Jeff Fisher joined Pat Gray and Steve Burguiere aka Stu, on the “Glenn Beck Show ” Monday to discuss some of the latest developments involving Twitter including owner Elion Musk banning conspiracy theorist Alex Jones. 

Burguiere said it’s strange to see how left-leaning pundits have demonized Elon Musk following his acquisition of Twitter. 

“This guy should be a liberal icon,” stated Burguiere. “We lose sight of this because he says things about free speech that I guess is exclusively a right-wing issue.” 

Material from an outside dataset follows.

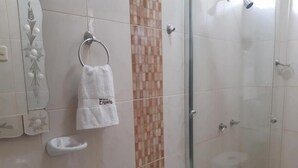 Un baño con inodoro, cabina de ducha de vidrio y una toalla colgada en un aro metálico.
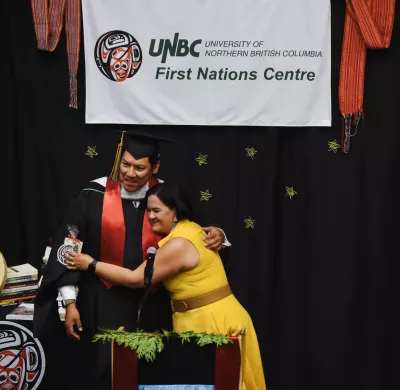 Two people hug at a podium, sign in the background says First Nations Centre.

Burguiere said that Musk should be able to do anything that he wants with Twitter considering the amount of money he invested to purchase the company. 

“This whole thing that he’s the icon of free speech, I don’t know if that’s true,” added Burguiere. 

Musk announced recently that conspiracy theorist Alex Jones received a permanent ban on Twitter for his involvement in denying that the Sandy Hook massacre took place.

“He (Musk) has been a hard no on Alex no matter what,” said Fisher. 

“He has apologized for it,” Burguiere said. “He’s also been sued for billions of dollars over it.” 

“The thing about Alex Jones is that some of us don’t like what he said,” Gray remarked. “But, who cares, that’s what you call free speech.”